Mientras recuerdo esto, y esta nota frívola en medio del desastre me ruboriza, algo me dice que tal vez la cultura sí sea una forma de salvación, a pesar de los terremotos y las calamidades; que la literatura es una de las formas más altas de la empatía, un sitio para saber del otro, de los otros que también podemos ser nosotros. Tal vez eso mismo pensaron los jóvenes que llevaron alivio a los niños que lo perdieron todo durante el temblor y fueron a los albergues a regalarles libros, a contarles cuentos, a recitarles poemas. A trescientos kilómetros de distancia de mi ciudad, con la angustia e impotencia de quien ve de lejos la destrucción de los sitios que alguna vez amó, yo seguía leyendo a Reyes y nada me disculpaba. ¿Qué hizo mi generación en esos años que pasaron entre el terremoto de 1985 y el de ahora?

En 1940, Reyes lamentó:

¡Oh desecadores de lagos, taladores de bosques! ¡Cercenadores de pulmones, rompedores de espejos mágicos! Y cuando las montañas de andesita se vengan abajo, en el derrumbe paulatino del circo que nos guarece y ampara, veréis cómo, sorbido en el negro embudo giratorio, tromba de basura, nuestro valle mismo desaparece. Cansado el desierto de la injuria de las ciudades; cansado de la planta humana, que urbaniza por donde pasa, apretado el polvo contra el suelo; cansado de esperar por siglos de siglos, he aquí: arroja contra las graciosas flores de piedra, contra las moradas y las calles, contra los jardines y las torres, las nefastas caballerías de Atila, la ligera tropa salvaje de grises y amarillas pezuñas.
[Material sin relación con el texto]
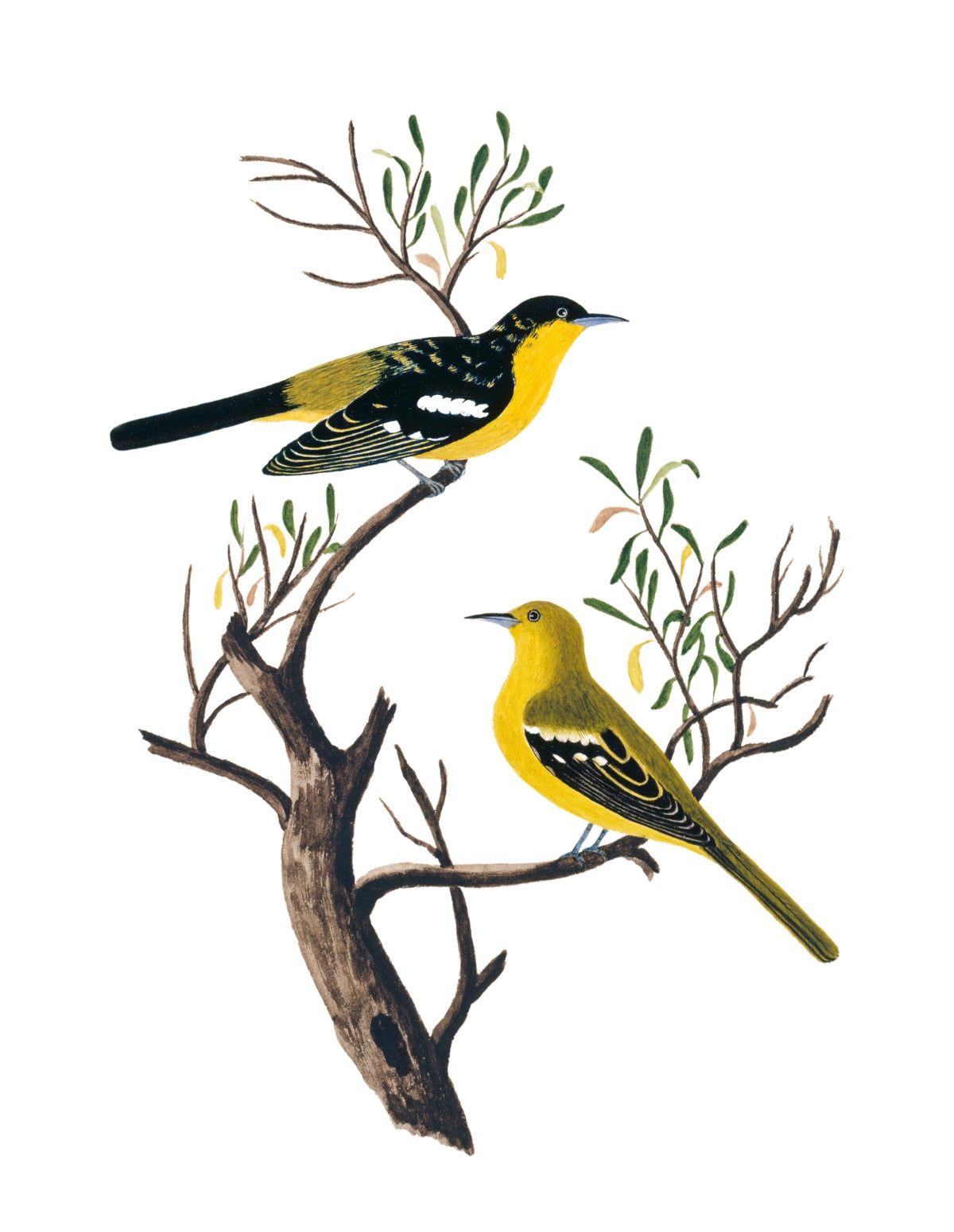 BIRDS OF INDIA 23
Venganza y venganza del polvo.

 

PARÉNTESIS DEL POLVO

Leo en la revista Este País, del mes de septiembre, una encuesta a treinta y tres escritores mexicanos sobre cuáles son las cinco obras que nos ayudan a entender el México de hoy. Los resultados me sorprenden, no por las obras o los autores mismos, sino porque los entrevistados, muchos de ellos muy jóvenes, coinciden en un asunto que se ha discutido hasta la saciedad. ¿Son o no son vigentes algunos autores? El resultado arroja las siguientes cifras: el escritor más mencionado es Octavio Paz (veintidós menciones), seguido por Juan Rulfo (catorce). Las obras con mayor número de referencias son Pedro Páramo (trece) y El laberinto de la soledad (trece también). Vuelvo a pensar en la continuidad de la que hablaba Castañón.